Norwegian media scholar and broadcaster

Eyvind Mehle (13 September 1895 - 15 July 1945) was a Norwegian radio personality, media professor and Nazi collaborator.

==Background==
He was born as Eyvind Mæhle, but changed his last name in 1930. He was hired in 1925 in Kringkastingsselskapet, the first broadcaster of Norwegian radio. One of his specialities were half-hour lectures in the form of travel descriptions. He later joined the Norwegian Fascist party Nasjonal Samling in its first year of existence, 1933, and served as its press spokesperson for some years.

On 9 April 1940 Norway was invaded by Nazi Germany, and a German occupation followed. On 25 September 1940, Mehle was named as director of verbal programs in Norwegian Broadcasting Corporation radio. As one of two program directors, the other being Edvard Sylou-Creutz, Mehle was considered as the successor of pre-war broadcasting director Olav Midttun, despite being a subordinate of commissary president Wilhelm Frimann Koren Christie.

This command chain did not work well. Although there was some rivalry between Mehle and Sylou-Crantz, the most severe rivalry was between Mehle and Christie.
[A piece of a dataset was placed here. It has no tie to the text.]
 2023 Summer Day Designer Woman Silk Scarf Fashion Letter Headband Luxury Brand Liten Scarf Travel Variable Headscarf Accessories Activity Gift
To start with, Mehle had to hand Christie his inaugural speech on 29 September, because Christie had limited knowledge of the Norwegian Broadcasting Corporation. In a broader context, as Nazis, Mehle was a Germanophile Hitler supporter whereas Christie was a more Norwegian-nationalistic Quisling supporter. In addition, Christie's freemasonry caused resentment. Mehle intrigued by pitting Christie against the broadcasting department (Abteilung Rundfunk) of the Reichskommissariat Norwegen. He also treated his own subordinates badly; he threatened employees with a gun on numerous occasions, and showed signs of paranoia and general mental instability.

==Final years and death==
In the spring of 1941, Mehle became leader (Führer) of the Nasjonal Samling party chapter at the Broadcasting Corporation. After a while, however, the personal antagonisms led to him seeking another job. He was appointed as professor of media studies at the Nazi-occupied University of Oslo. Since late 1943 no tuition or teaching had taken place at the University, only research.

Around the end of World War II in Norway in May 1945, Mehle fled to Sweden. He drowned there later in 1945.